Various tweets that included the WKU hashtag urged the campus to “use social networking to better the university, not control the students” and charging that “chilling speech should be anathema to any public university.”

Another tweeter told the university that its new social media policies would “end up discouraging potential journalism students.”

James Larken Smith, a local Texas radio show host, tweeted Feb. 27 that “Western Kentucky University [should] rename itself Censor Ship University.”

Violators of a new rule may face sensitivity training, but the idea is not to limit speech among students, said Stacey Biggs, WKU’s chief marketing officer.

“The point is not to tell them what they can or can’t say, or what they can or can’t say about WKU,” she said.

Still, critics have cried foul. The campus newspaper recently wrote a lengthy article under the headline “WKU trying to pull strings on social media.” And the parody Twitter account—temporarily shut down because it wasn’t clearly labeled as a parody—recently tweeted, “Campus police department has been renamed to twitter patrol.”

Student criticism prompted an official response that appeared recently in the campus newspaper. Biggs wrote that the intent is not to censor students but said the university “has to offer some amount of protection to its students.” School officials have vigilantly searched for fake accounts filled with inflammatory comments, though Biggs said the school tries to have accounts taken down only if they use the university’s name or logo and don’t clearly state that they are parodies. In her commentary, she said such efforts are aimed at protecting the school’s reputation and brand.

Other schools do remind students that posts can reflect poorly on them in the eyes of a prospective employer, for instance. Some, such as the University of Kentucky in Lexington, limit that to a set of recommended “best practices.”

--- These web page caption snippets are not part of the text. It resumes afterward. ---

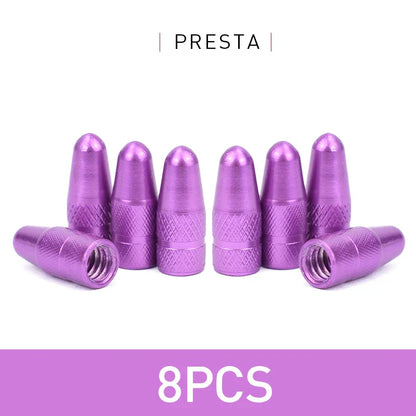 4/8PCS Aluminum Alloy Bicycle Tire Valve Caps – Dustproof Presta Valve Protectors for MTB & Road Bikes
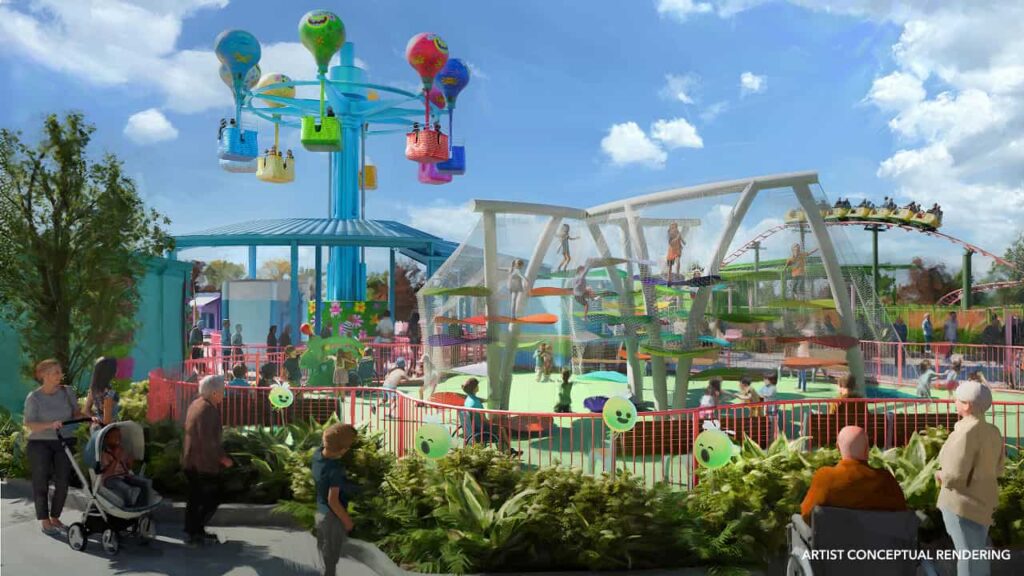 Imagem de como será o futuro parque infantil da Universal no Texas, onde é possível ver balões e playground de Trolls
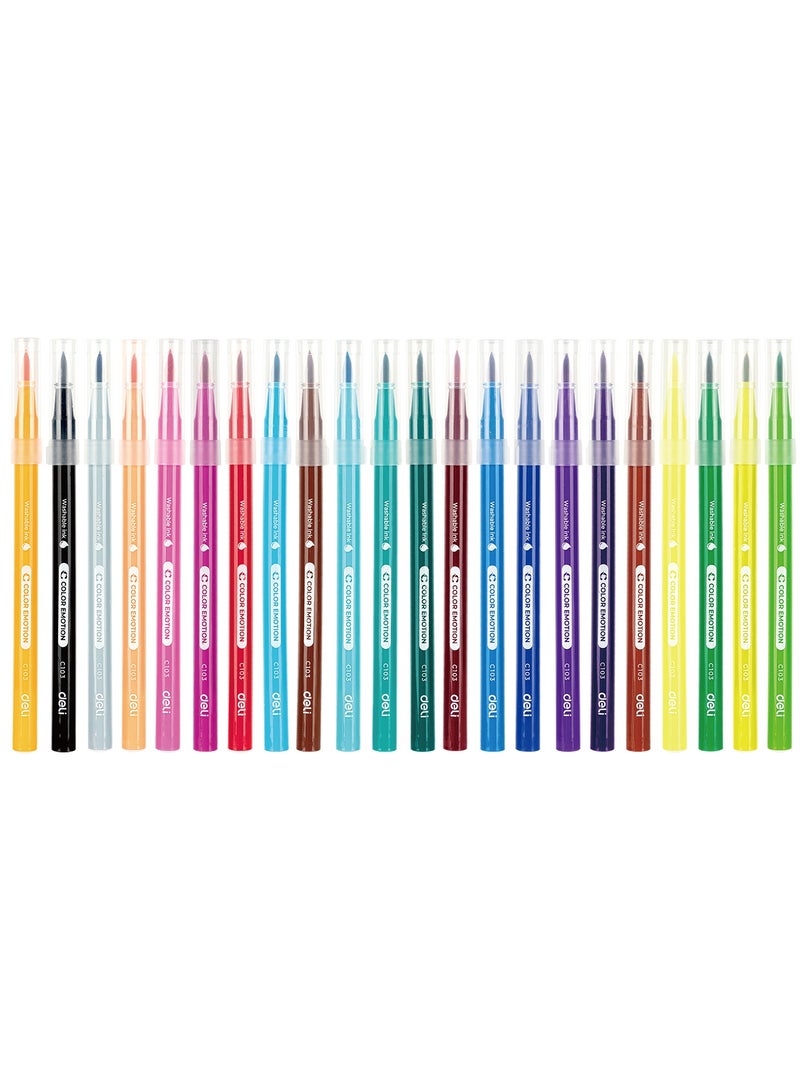 Deli EC10324 COLOR EMOTION Washable Felt Pen Set, 24 Colors, Soft Brush Tip 1.0-8mm, Bright & Non-Toxic - Image 1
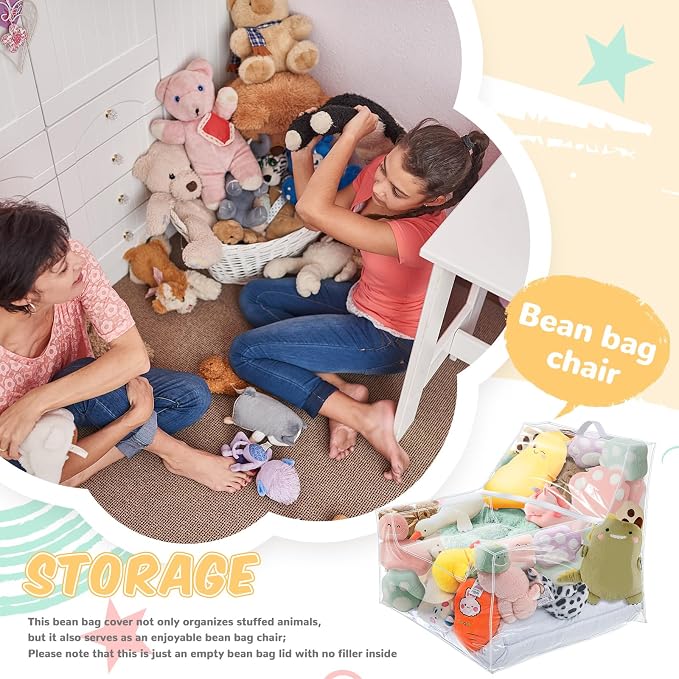 Teenyyou Stuffed Animal Storage Bean Bag Chair Sofa Cover Zipper Large Transparent PVC Stuffed Animal Organizer Bean Bag Seat Only for Organizing Rooms Plush Toys When Filled (Sofa Style,24.8 Inch)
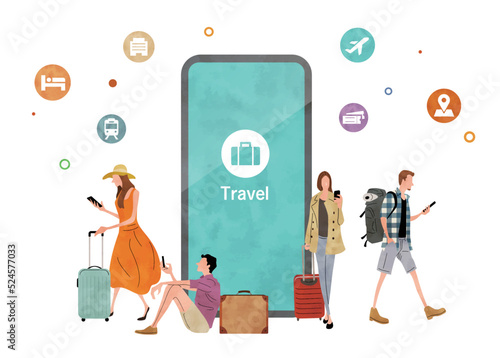 ベクターイラスト素材：旅行でスマホを活用する人々
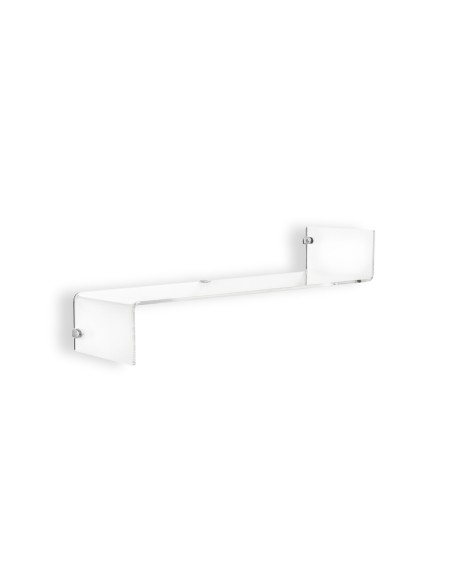 Mensola a forma di Z lato destro in plexiglass Trasparente abbinabile e componibile. Made in Italy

“You don’t really regulate conversations in a coffee house, for example,” said UK spokesman Jay Blanton. “The same principles apply here.”

UK’s existing campus policies applying to legal and ethical conduct extend to communications, including social media, he said.

At WKU, Ransdell weighed in on social networking in a Feb. 15 message on Facebook. He warned about the lasting consequences for irresponsible posts.

“We, at WKU, have become particularly conscious lately of some who are misusing social media and using some poor judgment,” Ransdell wrote. “So my message here is ‘Be smart.’ Use social media thoughtfully; always remember what you send is permanent and can be viewed years from now. Employers do their homework. They can and will track ways in which prospective employees have used social media. We, at WKU, track such things as well.”

Such efforts amount to attempts to “stop students from offending the government-paid administrators,” said Goldstein, the attorney advocate with the Student Press Law Center.

“Any institution that invests substantial effort into shutting down obvious parody accounts richly deserves to be parodied, because any institution with a good reputation for doing the right thing most of the time isn’t worried that obviously silly statements might be confused with its genuine policy,” he said.

Goldstein said he’s never seen a college president get to personally involved in the give-and-take in social media.

“I guess it’s good that he’s paying attention, but I wonder if this is really the best use of his time,” Goldstein said.

The social media backlash faced by WKU administrators this week demonstrates the risks of iron-fisted Twitter and Facebook policies in higher education, Kissel said.

“Censorship very often backfires on those who censor,” he said.